**Brief**
Retype exactly what appears below from the line containing "Banheira shnuggle com suporte - usada" down to the line containing "125 White Cottage Rd N, Angwin, CA 94508", keeping both end lines. Do not include pictures.
[Entries supplied Boundary: Start]
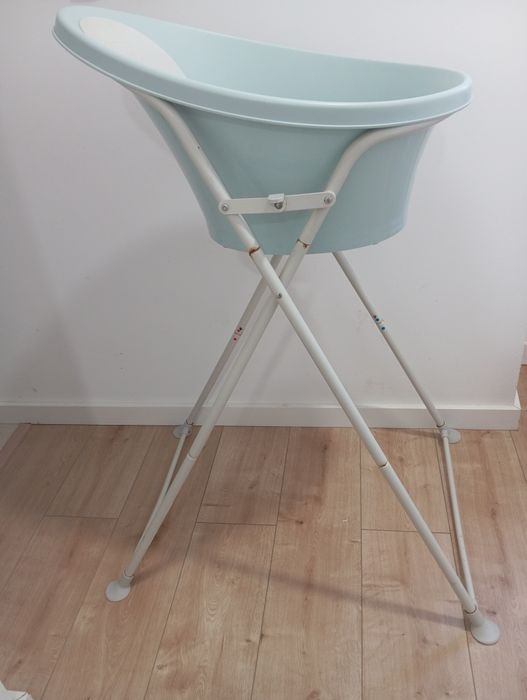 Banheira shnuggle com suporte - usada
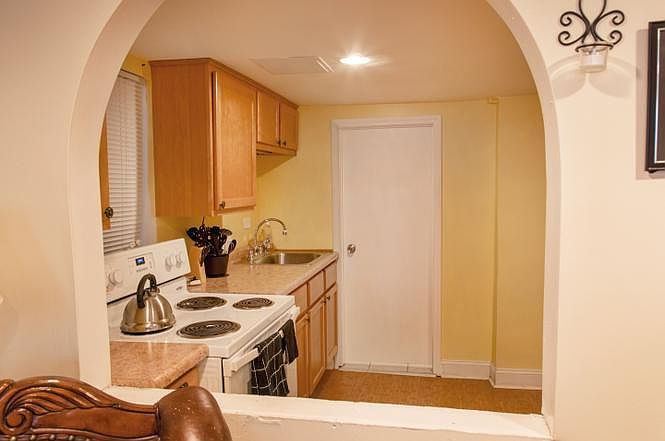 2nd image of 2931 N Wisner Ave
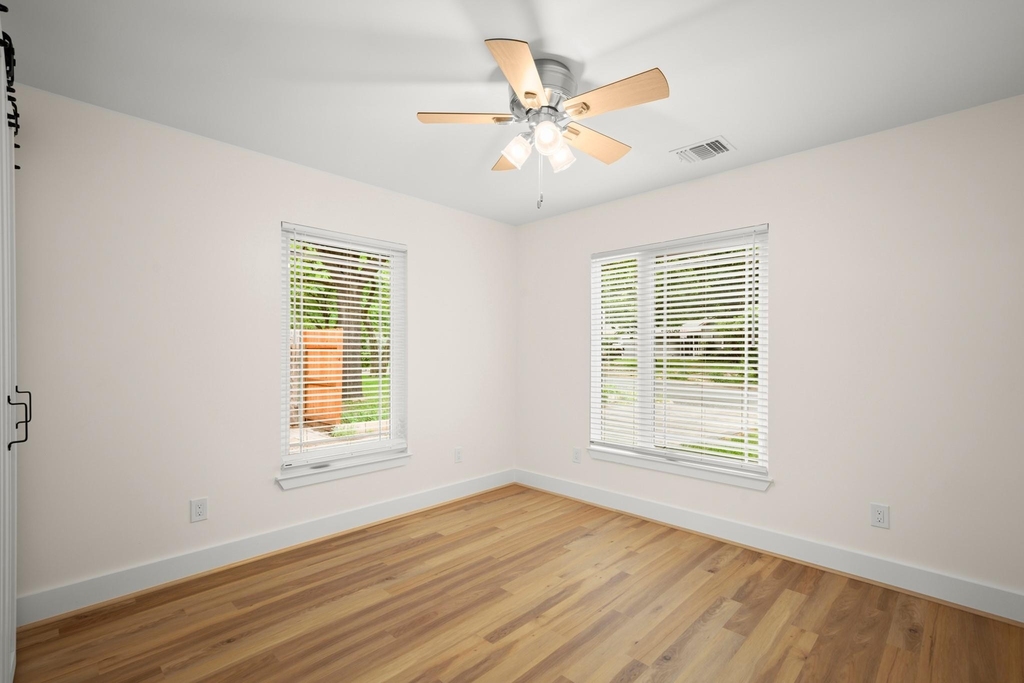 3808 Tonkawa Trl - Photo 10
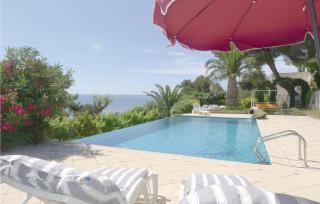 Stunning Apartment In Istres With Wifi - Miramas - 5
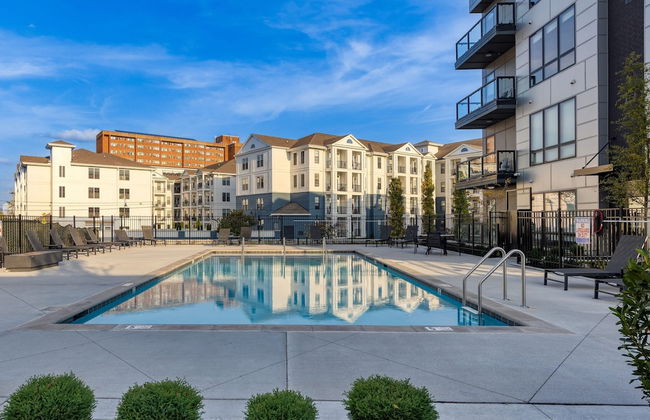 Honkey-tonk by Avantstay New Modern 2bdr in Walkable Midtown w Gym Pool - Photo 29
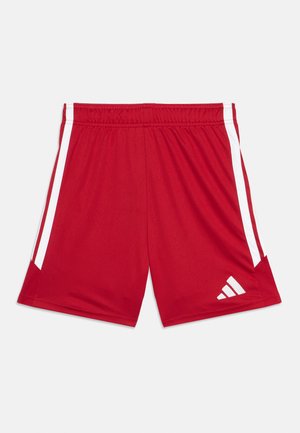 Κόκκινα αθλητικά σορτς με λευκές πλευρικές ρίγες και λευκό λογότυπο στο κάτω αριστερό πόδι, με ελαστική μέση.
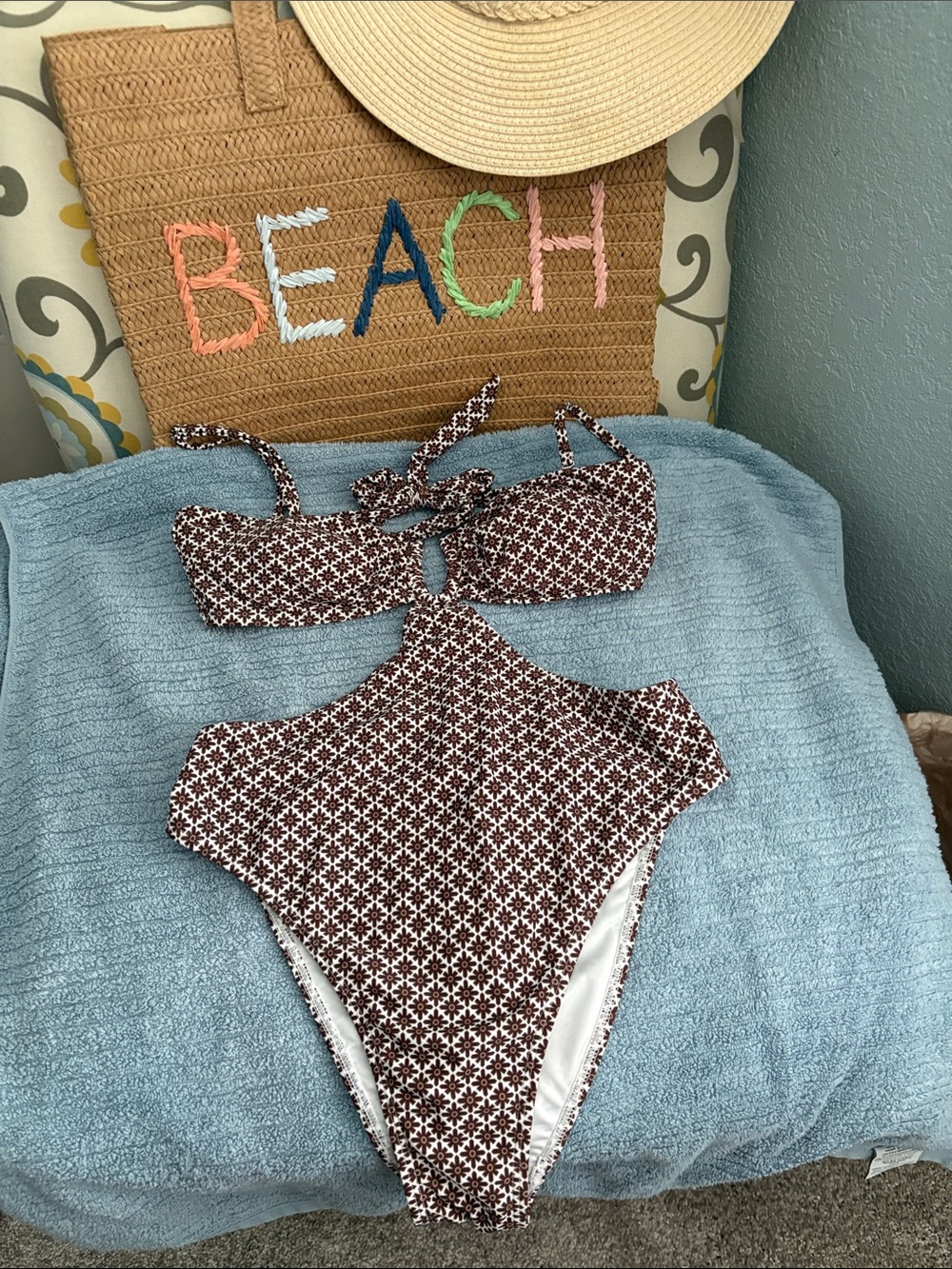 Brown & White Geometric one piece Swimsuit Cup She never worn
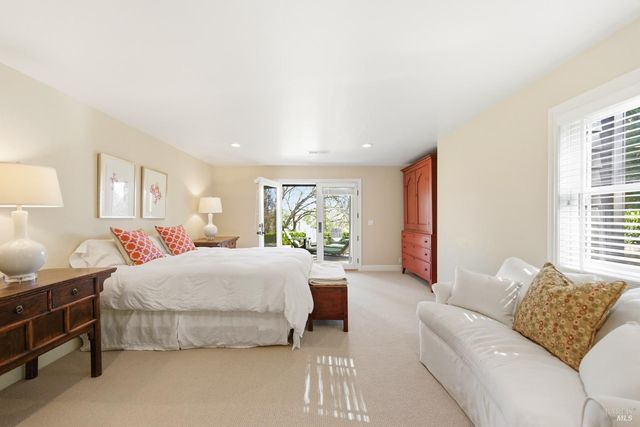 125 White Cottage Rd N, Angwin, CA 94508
[Entries supplied Boundary: End]
[Entries supplied Boundary: Start]
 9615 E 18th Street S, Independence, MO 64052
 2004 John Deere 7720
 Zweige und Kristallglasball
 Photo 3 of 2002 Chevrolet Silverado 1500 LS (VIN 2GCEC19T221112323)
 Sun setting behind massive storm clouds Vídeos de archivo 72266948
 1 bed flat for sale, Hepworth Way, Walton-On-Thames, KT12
[Entries supplied Boundary: End]
**Response area**
 Banheira shnuggle com suporte - usada
 2nd image of 2931 N Wisner Ave
 3808 Tonkawa Trl - Photo 10
 Stunning Apartment In Istres With Wifi - Miramas - 5
 Honkey-tonk by Avantstay New Modern 2bdr in Walkable Midtown w Gym Pool - Photo 29
 Κόκκινα αθλητικά σορτς με λευκές πλευρικές ρίγες και λευκό λογότυπο στο κάτω αριστερό πόδι, με ελαστική μέση.
 Brown & White Geometric one piece Swimsuit Cup She never worn
 125 White Cottage Rd N, Angwin, CA 94508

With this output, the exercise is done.